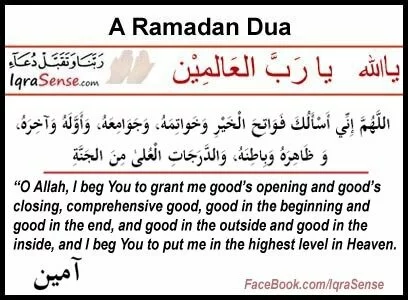 Dua goodness1 Dua for Ramadan Months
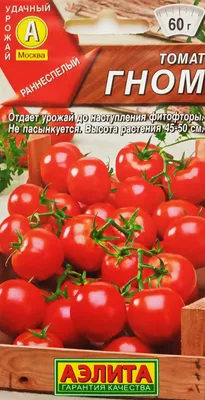 Купить помидоры желтые сливовидные 700 г, цены на Мегамаркет | Артикул:  100029459398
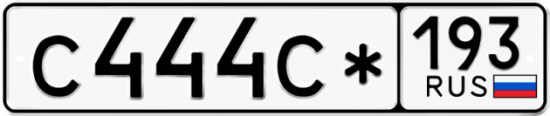 Красивый номер на авто С444С* 193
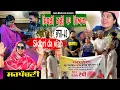 Download Lagu ਸਿਧਰੀ ਕੁੜੀ ਦਾ ਵਿਆਹ - 40 Sidhri da viah || new punjabi short movie/jaanu bhaini aala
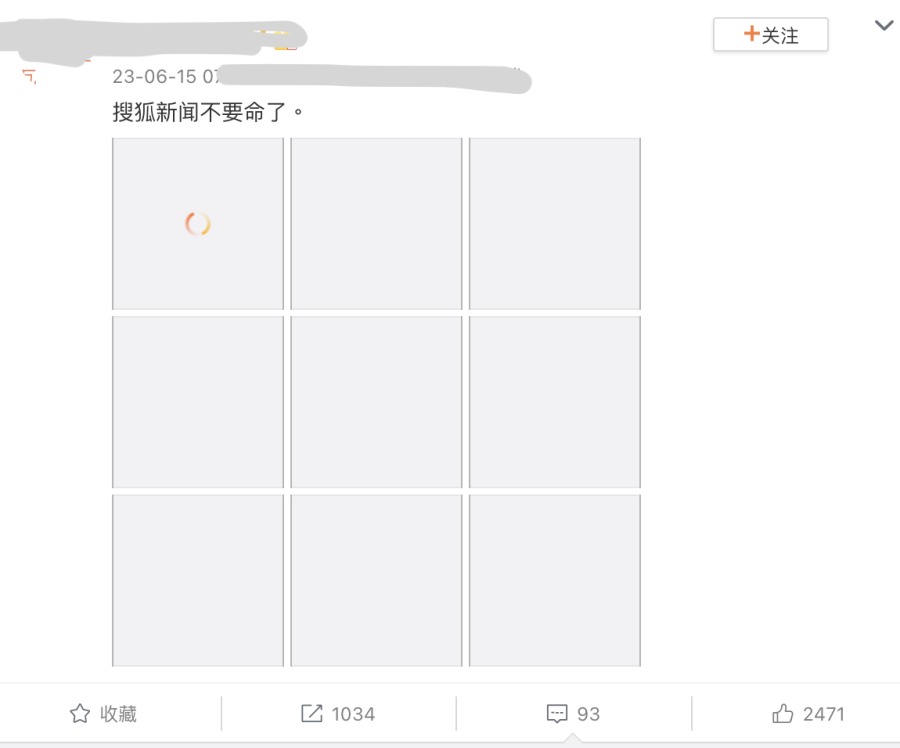 有网友惊呼 “ 搜狐新闻不要命了 ”。但随后遭到网管删贴。(图片来源:微博)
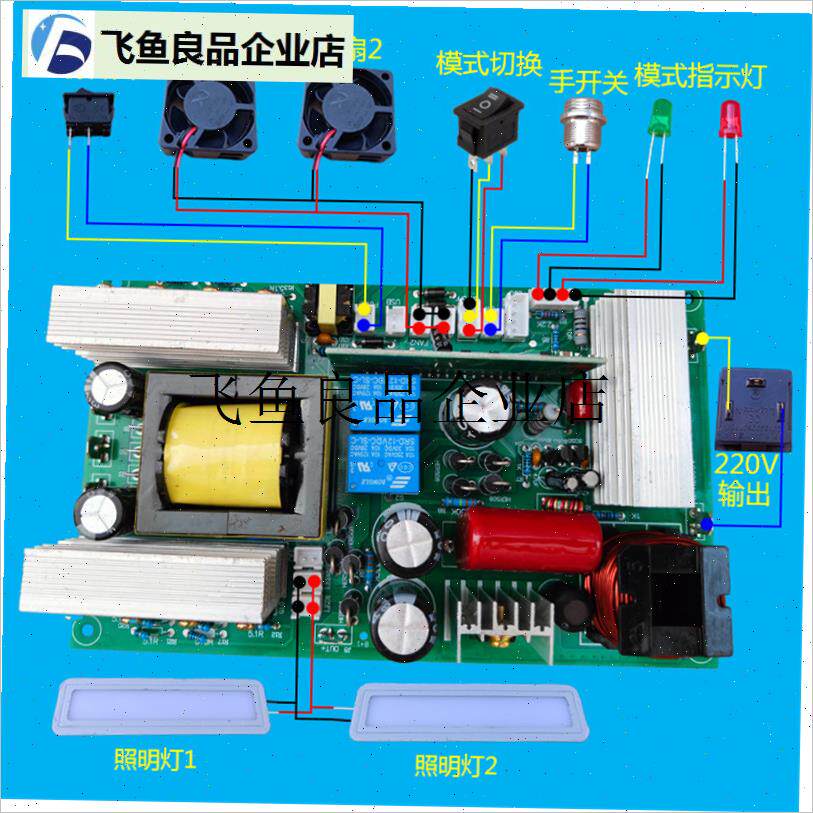 .池一体机套件大功率主板带外w壳配件带220V输出成品板组装套料
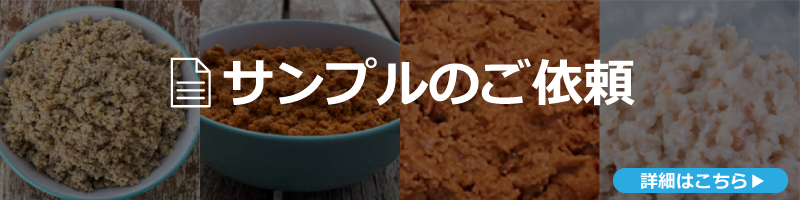 サンプル依頼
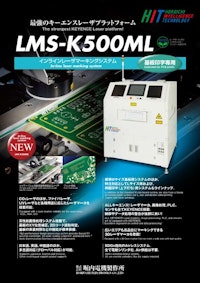 LMS-K500ML 【株式会社堀内電機製作所のカタログ】
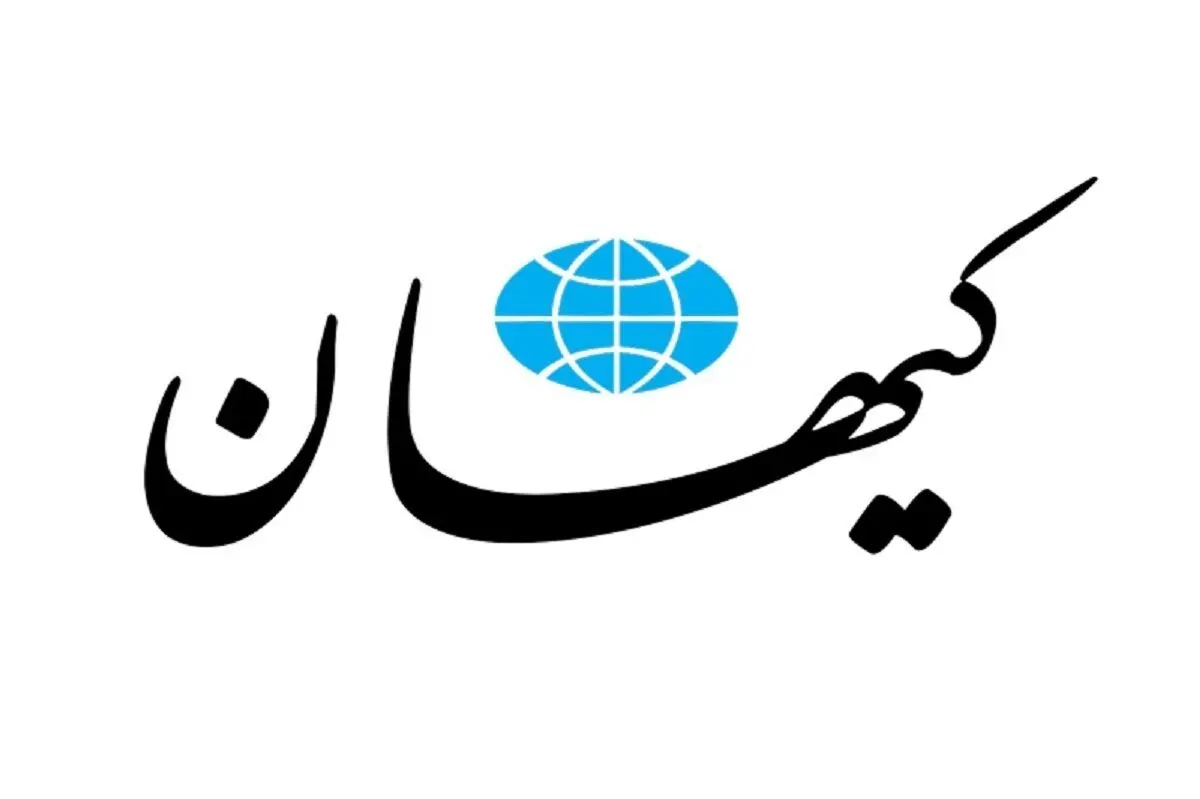 کیهان: جریان فتنه نگران است که رئیسی کام ملت را شیرین کند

══════════

Line for line, output the entries above from the line with "Красивый номер на авто С444С* 193" to the line with "LMS-K500ML 【株式会社堀内電機製作所のカタログ】", both included, and nothing more. Skip pictures.

Reply to the task:
 Красивый номер на авто С444С* 193
 Download Lagu ਸਿਧਰੀ ਕੁੜੀ ਦਾ ਵਿਆਹ - 40 Sidhri da viah || new punjabi short movie/jaanu bhaini aala
 有网友惊呼 “ 搜狐新闻不要命了 ”。但随后遭到网管删贴。(图片来源:微博)
 .池一体机套件大功率主板带外w壳配件带220V输出成品板组装套料
 サンプル依頼
 LMS-K500ML 【株式会社堀内電機製作所のカタログ】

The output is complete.